Search code examples
regexuppercaselookbehindbibtexbibliography

Regex to capitalize words


I'm using a text editor to capitalize the titles of papers in a references file.

I have a similar structure

...
Title = {Direct synthesis of antimicrobial coatings based on tailored bi-elemental nanoparticles},
journal={APL Mat.},
...

and I want to capitalize only the words in the title section so that it becomes

...
Title = {Direct Synthesis of Antimicrobial Coatings Based on Tailored Bi-Elemental Nanoparticles},
journal={APL Mat.},
...

I tried using the lookbehing regex to search for each word followed by the word "Title" in the following way

(?<=Title)(\b.+?\b)

and I want to substitute it with

\u\1

for each occurrence in the text. However my code only selects the character after the "e" of Title and the "D" of Direct, and cannot find the other occurrences after that.

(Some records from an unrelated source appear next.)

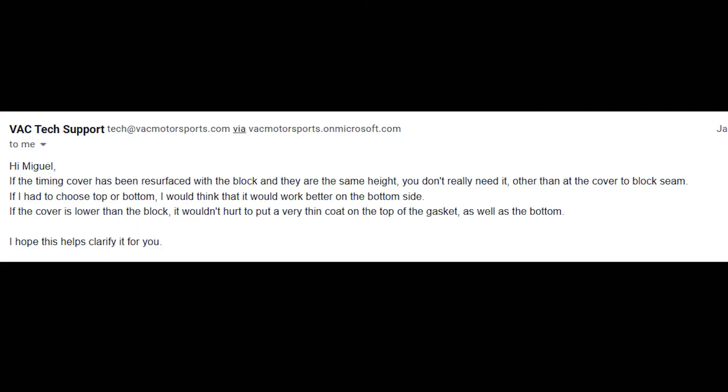One thing to note: it's a really good idea anytime you do a head gasket replacement - whether an MLS aftermarket or stock - to get the cylinder head resurfaced at a machine shop. I ended up doing that; it cost me about $140. Also, for this specific build with the new head gasket, VAC Motorsports recommends applying a small amount of sealant to the timing cover, right between the timing cover and the engine block.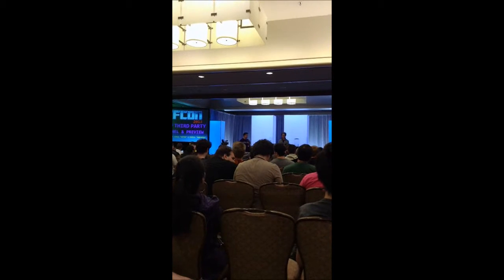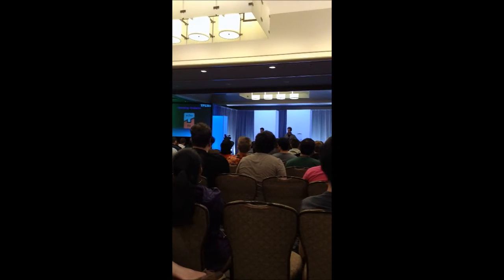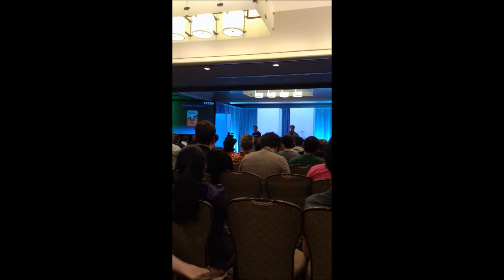This is Daniel, and we're going to get right into this. We're going to show you guys some new stuff right up front from right here.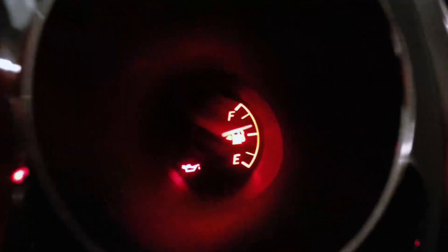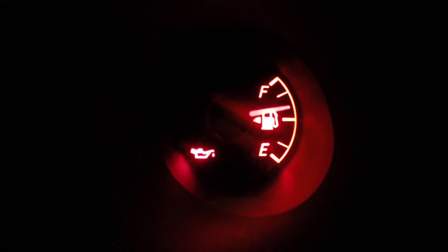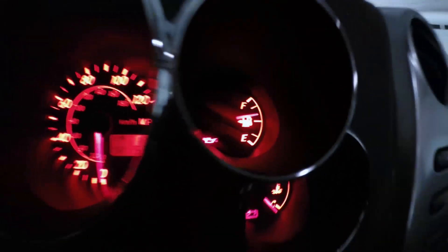Power on the car and take a look at the fuel gauge. See the arrow by the gas icon? That arrow will point to whichever side of the car has the gas tank or fill spout.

Can you help me? Thank you.


Solution

  • You may use

    (\G(?!^)(?:[^}\n\w]+(?:o[fn]|in|the|by|for|to|and*|a))*[^}\n\w]+|Title\s*=\s*\{)(\w+)
    

    and replace with $1\u$2. See the regex demo (it is slightly modified since regex101 does not seem to support \u operator).

    Details

    • (\G(?!^)(?:[^}\n\w]+(?:o[fn]|in))*[^}\n\w]+|Title\s*=\s*\{) - either of the two alternatives:
      • \G(?!^)(?:[^}\n\w]+(?:o[fn]|in|the|by|for|to|and*|a))*[^}\n\w]+:
      • \G(?!^) - the end of the previous match
      • (?:[^}\n\w]+(?:o[fn]|in))* - 0 or more repetitions of
        • [^}\n\w]+ - 1 or more chars other than }, LF and a word char
        • (?:o[fn]|in|the|by|for|to|and*|a) - of, on or in, etc. (add more words that should be excluded from capitalization here)
      • [^}\n\w]+ - 1 or more chars other than }, LF and a word char
      • | - or
      • Title\s*=\s*\{ - Title, = enclosed with 0+ whitespaces and a {
    • (\w+) - Group 2: one or more word chars.